In this lesson we will introduce some broad concepts related to hypothesis testing, and in future lessons we will dive into a few specific hypothesis tests. 


![Types of Stats](stats-types.jpg)

The terms covered in this lesson are summarized in the table below:

| Term                                            | Formula / Symbol | Description                                                 |
| ----                                            | ---------------- | -----------                                                 |
| **Null Hypothesis**                             | $H_0$            | The "default" hypothesis; usually no change, no effect, etc |
| **Alternative Hypothesis**                      | $H_1$ or $H_a$   | The "other" hypothesis; states there is some relationship                                                            |
| **Significance Level**, **False Positive Rate** | $\alpha$         | P(FP) = P(Type I Error)                                     |
| **Statistical Power**                           | $1 - \beta$      | P(Reject $H_0$ when $H_0$ is false)                         |
| **False Negative Rate**                         | $\beta$          | P(FN) = P(Type II Error)                                    |
| **p-value** | $p$ | P(We observed this result due to chance \| $H_0$ is true) |



## Sample vs. Population

According to [Scribbr.com](https://www.scribbr.com/methodology/population-vs-sample/#:~:text=A%20population%20is%20the%20entire,t%20always%20refer%20to%20people.), "A **population** is the entire group that you want to draw conclusions about. A **sample** is the specific group that you will collect data from. The size of the sample is always less than the total size of the population. In research, a population doesn’t always refer to people.

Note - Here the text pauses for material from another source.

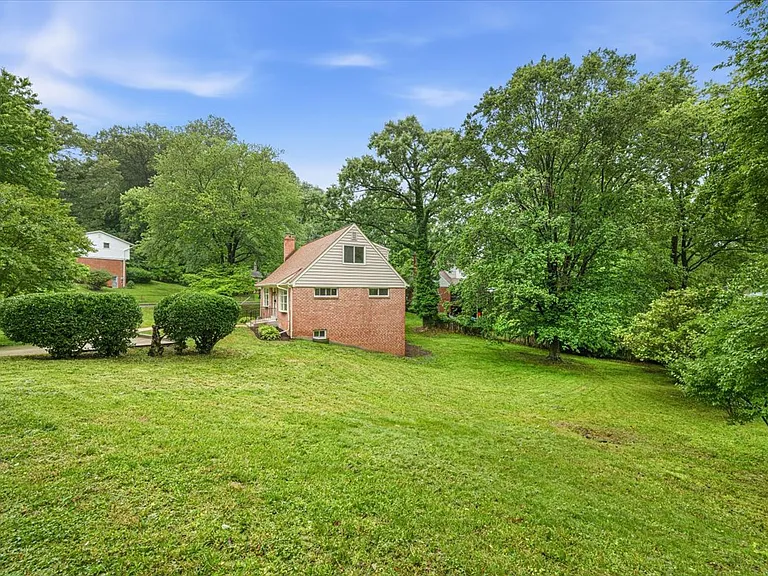 8624 Parliament Dr — Photo 47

It can mean a group containing elements of anything you want to study, such as objects, events, organizations, countries, species, organisms, etc."

Let's say we have a dataset that contains information about 600 statistics students: their hair and eye color and their sex. 

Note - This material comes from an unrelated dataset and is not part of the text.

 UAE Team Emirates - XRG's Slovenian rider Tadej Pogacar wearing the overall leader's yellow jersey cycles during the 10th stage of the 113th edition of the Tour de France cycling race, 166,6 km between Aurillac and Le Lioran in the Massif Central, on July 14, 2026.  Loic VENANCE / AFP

One thing we know is we have a sample of *some* population. 

What we don't know is what population it is a representative sample of. 

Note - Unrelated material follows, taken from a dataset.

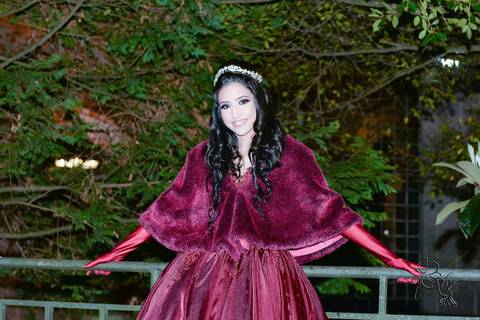 Emily fez 15 anos com um vestido marsala estilo princesa. by Eli Matos, clicando'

Some questions we may ask:

1. Is this a representative sample of *all* statistics students?

2. ...of *all* students?

3. ...of statistics students in a certain region of the world? 

4. ...of college statistics students in the US?

5. ...of people in the U.S.?

6. ...(and on and on)


Let's take, for example, the question of "Is this a representative sample of people in the U.S.?"

We can use statistical testing to determine the probability that this sample is a sample of the general U.S. population. My hypothesis is that it is not of the general U.S. population because within this group of students, I found that 36% of them have blue eyes. However, according to [heffingtons](https://heffingtons.com/interesting-facts-about-eye-color/), the estimated population proportion of blue eyes in the U.S. is 27%. 

- Brown Eyes: 45%

- Blue Eyes: 27%

- Hazel Eyes: 18% (Note: Hazel eyes consist of shades of brown and green.)

- Green Eyes: 9%

- Other: 1%


But is this difference significant? I.e. If I took a sample of 600 people across the U.S., what is the probability that 36% of that sample had blue eyes? I'm going to say that if the probability of that happening is < 5%, then I will conclude that this is a sample of a different population. If it is > 5%, I will conclude that the 9% difference was just by chance and this still appears to be a sample of the U.S. population as a whole.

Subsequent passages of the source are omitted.